# Wyoming House advances doomsday bill



## cc3915 (Mar 26, 2004)

CHEYENNE - State representatives on Friday advanced legislation to launch a study into what Wyoming should do in the event of a complete economic or political collapse in the United States.
House Bill 85 passed on first reading by a voice vote. It would create a state-run government continuity task force, which would study and prepare Wyoming for potential catastrophes, from disruptions in food and energy supplies to a complete meltdown of the federal government.
The task force would look at the feasibility of
Wyoming issuing its own alternative currency, if needed. And House members approved an amendment Friday by state Rep. Kermit Brown, R-Laramie, to have the task force also examine conditions under which Wyoming would need to implement its own military draft, raise a standing army, and acquire strike aircraft and an aircraft carrier.

Read more: http://trib.com/news/state-and-regional/govt-and-politics/wyoming-house-advances-doomsday-bill/article_af6e1b2b-0ca4-553f-85e9-92c0f58c00bd.html#ixzz1nSaf0rrt​


----------



## militia_man (Mar 27, 2005)

This seemed somewhat reasonable until I read the part about LAND LOCKED Wyoming considering how they could acquire an aircraft carrier. Now the whole plan just seems silly.


----------



## cousteau (Oct 31, 2011)

Impressive that they would start planning. Scary that the reason is plausible.


----------



## Guest (Feb 26, 2012)

Sounds like someone's been watching old episodes of Jericho.

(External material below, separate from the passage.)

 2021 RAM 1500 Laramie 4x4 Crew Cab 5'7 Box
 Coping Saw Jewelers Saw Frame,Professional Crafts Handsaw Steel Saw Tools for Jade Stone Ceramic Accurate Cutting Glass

Sent from my DROID RAZR using Tapatalk


----------



## HistoryHound (Aug 30, 2008)

militia_man said:


> This seemed somewhat reasonable until I read the part about LAND LOCKED Wyoming considering how they could acquire an aircraft carrier. Now the whole plan just seems silly.

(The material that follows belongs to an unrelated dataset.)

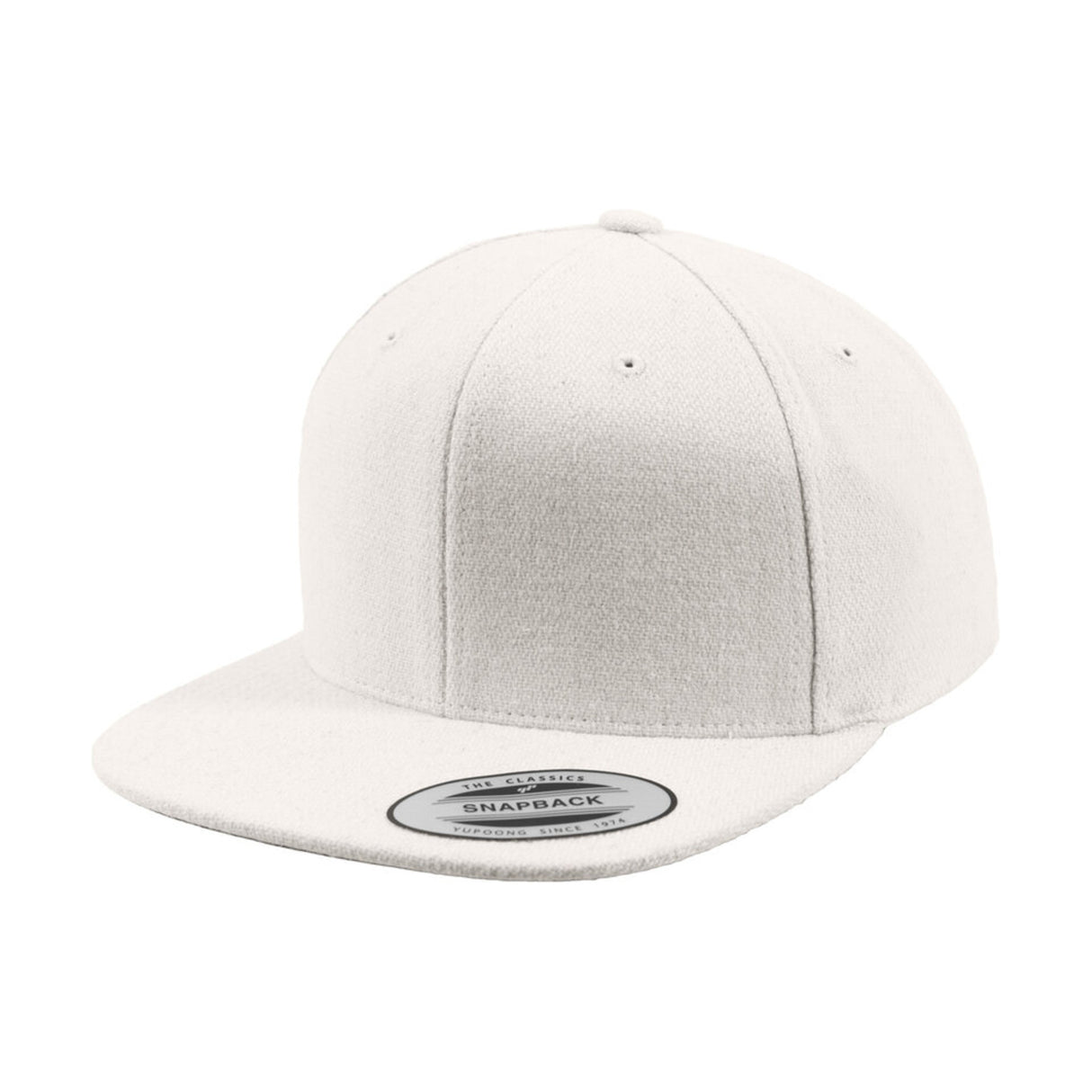 Flexfit Melton Wool Snapback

Well if the doomsday flood maps are correct they might just need that aircraft carrier.


----------



## HiredGoon (Jan 21, 2008)

If that flood map is correct, I'm finally going to get that ocean front property I've always wanted! Sweet! That'll bring the house value back up.


----------



## niteowl1970 (Jul 7, 2009)

We'll all dry out here in "Eastern New York."


----------



## Guest (Feb 28, 2012)

My doomsday meter will be pegged the day Massachusetts adopts a similar bill. If Mass is doing it then the enemy has already gone pass the wire.


----------